Standing in her den, Gwendolyn Lang looks up at a faded family portrait on the wall. Taken in the late 1970s, it shows Lang and her late husband with five of their six children. “All except one,” she said, adding that the son missing from the photo “never liked being around all the other kids.”

Lang, 80, has lived in this small, beige house in Gardena for 50 years. Now, despite the framed photos still on display, she’s moving out. Half-packed cardboard boxes sit on the floor. Lang was foreclosed on earlier this year because of her participation in a program called Property Assessed Clean Energy , or PACE, which provides LA County homeowners with no-money-down loans for eco-friendly home improvements.

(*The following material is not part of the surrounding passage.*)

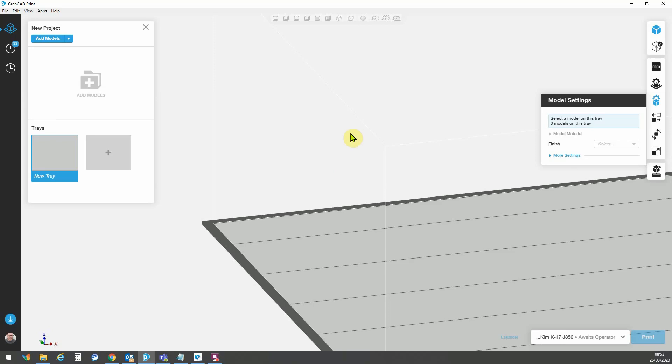Hello, today we're going to take a look at some of the different file types that can be imported into GrabCAD print and how to best utilize some of the basic GrabCAD features to enhance these models.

Borrowers repay the loans in installments that get rolled into their property taxes.

Critics of the program say lax lending standards have paved the way for predatory contractors to take advantage of elderly homeowners like Lang.

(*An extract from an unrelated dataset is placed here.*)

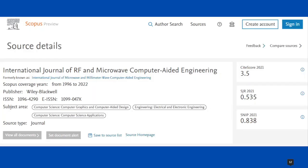Our next journal is International Journal of RF and Microwave Computer Aided Engineering. It was formerly known as International Journal of Microwave and Millimeter Wave Computer Aided Engineering. This journal is covered under Scopus from 1996 to 2022. The publisher is Wiley-Blackwell. It has both print and e-version. This journal covers Computer Science Engineering, Computer Graphics and Computer Aided Design, Electrical and Electronics Engineering, and some Computer Science Applications.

“[Lang] is not the only person who’s lost her home,” said Nisha Kashyap, an attorney with the legal nonprofit Public Counsel. Her organization and the nonprofit Bet Tzedek are suing LA County and two PACE lenders it works with, Renovate America and Renew Financial, for allegedly failing to implement basic consumer protections. “We are aware of folks who’ve been forced to sell, move into a trailer, move out of LA County, move in with family,” Kashyap said.

Lenders for the program say cases like Lang’s are unusual.

“PACE exists to provide access to affordable financing to homeowners who want to make their homes safer, more secure, and more efficient,” said a spokesperson for Ygrene, one of three lenders who provided financing to Lang, in an email. Lang’s situation, the statement said, is “a rare instance of contractor abuse of both the PACE program and a homeowner.”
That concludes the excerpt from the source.